The model is implemented with PyTorch 1.13.1. All experiment configurations use the weighted cross-entropy loss as the loss function, with 1 for the negative class and 10 for the positive class. In the CXR partial model, the weight for the positive class is 15, “partial” here means the model only utilizes chest X-ray images for training. Models are optimized with the Adam optimizer with 0.001 learning rate until they converge for about 20~30 epochs. The size of the feature vectors of each modality is set to 512. For evaluation, we use a 0.70-0.15-0.15 train-validation-test split following the previous work [13]. However, we equalized the size of the validation set and the test set to get a better estimation of test performance on the validation set. We split the dataset according to patient ID and admission ID so that there's no overlap between training, validation, and test sets.
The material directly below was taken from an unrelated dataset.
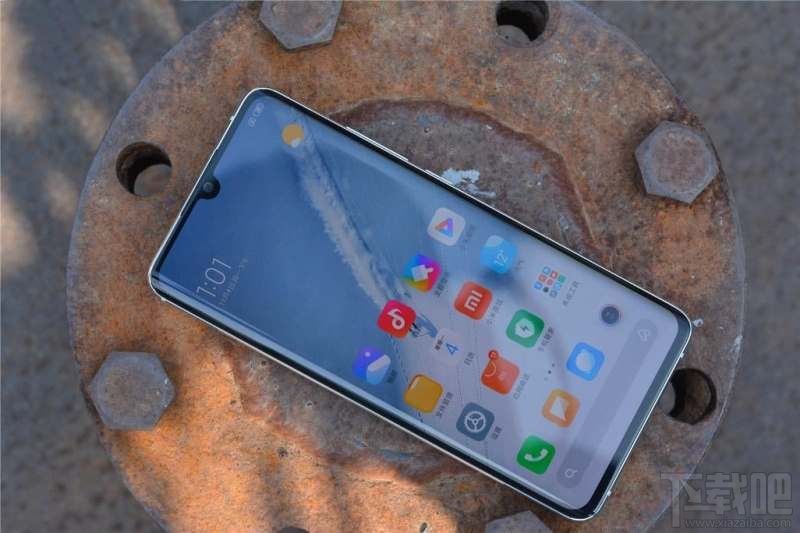 Redmi K30和小米CC9 Pro哪款好?红米K30对比小米CC9 Pro评测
We use the AUROC on the validation set for early stopping. During every epoch, the model is trained and validated, and the model with the highest AUROC score on the validation set is saved and chosen as the final output model. After that, the result is tested with the saved model on the test set, which is never used during training.

4.5. Results

This section presents the performance results of the proposed models across three tasks: in-hospital mortality prediction, long length of stay prediction, and hospital readmission. For the modality ablation study, we regard clinical time series as the main modality, CXR, and notes as additional ones. Therefore, besides three unimodal experiments, we conduct experiments on TimeSeries + CXR (T + C), TimeSeries + Note (T + N), and TimeSeries + CXR + Note (T + C + N). Unimodal models are denoted as “partial” in the tables.

To validate the performance gap between different model settings, we conducted statistical tests between each pair of model settings. We used a t-test on AUROC across different models and reported the p-values of the comparison.

We also compared the best multimodal models with two baseline models, RETAIN [10] and Dipole [16]. The other EHR models we included in the related works are language modeling-based pretraining models, which we believe are not aligned with our framework.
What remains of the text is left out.